TASK GOAL → Provide again, from the entries below, every line from the one containing "Upskill Rocket batch" through the one containing "Christmas Black Labrador", exactly as written, and no other line.

[Short descriptive text snippets]

# # #

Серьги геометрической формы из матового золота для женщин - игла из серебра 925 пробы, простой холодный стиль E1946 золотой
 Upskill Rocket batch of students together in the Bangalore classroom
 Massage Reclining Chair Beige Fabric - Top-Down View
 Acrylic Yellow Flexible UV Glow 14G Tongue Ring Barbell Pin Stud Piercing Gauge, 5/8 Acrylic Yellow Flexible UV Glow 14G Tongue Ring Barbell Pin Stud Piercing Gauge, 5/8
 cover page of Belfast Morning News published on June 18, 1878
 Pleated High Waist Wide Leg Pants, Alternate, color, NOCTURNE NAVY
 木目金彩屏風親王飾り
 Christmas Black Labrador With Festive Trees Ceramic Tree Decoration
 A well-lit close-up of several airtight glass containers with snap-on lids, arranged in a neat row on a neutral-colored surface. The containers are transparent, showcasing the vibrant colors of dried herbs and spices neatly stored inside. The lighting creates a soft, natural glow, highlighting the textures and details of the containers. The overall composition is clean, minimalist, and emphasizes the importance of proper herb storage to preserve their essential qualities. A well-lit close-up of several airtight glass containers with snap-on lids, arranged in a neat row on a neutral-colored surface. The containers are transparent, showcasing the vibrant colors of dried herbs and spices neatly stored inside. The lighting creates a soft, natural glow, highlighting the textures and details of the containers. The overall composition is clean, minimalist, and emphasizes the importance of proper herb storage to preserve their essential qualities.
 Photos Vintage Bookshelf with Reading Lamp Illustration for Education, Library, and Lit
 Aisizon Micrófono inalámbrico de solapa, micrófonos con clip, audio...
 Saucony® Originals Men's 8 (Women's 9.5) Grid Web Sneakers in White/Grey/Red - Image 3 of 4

# # #

TASK RESULT →
 Upskill Rocket batch of students together in the Bangalore classroom
 Massage Reclining Chair Beige Fabric - Top-Down View
 Acrylic Yellow Flexible UV Glow 14G Tongue Ring Barbell Pin Stud Piercing Gauge, 5/8 Acrylic Yellow Flexible UV Glow 14G Tongue Ring Barbell Pin Stud Piercing Gauge, 5/8
 cover page of Belfast Morning News published on June 18, 1878
 Pleated High Waist Wide Leg Pants, Alternate, color, NOCTURNE NAVY
 木目金彩屏風親王飾り
 Christmas Black Labrador With Festive Trees Ceramic Tree Decoration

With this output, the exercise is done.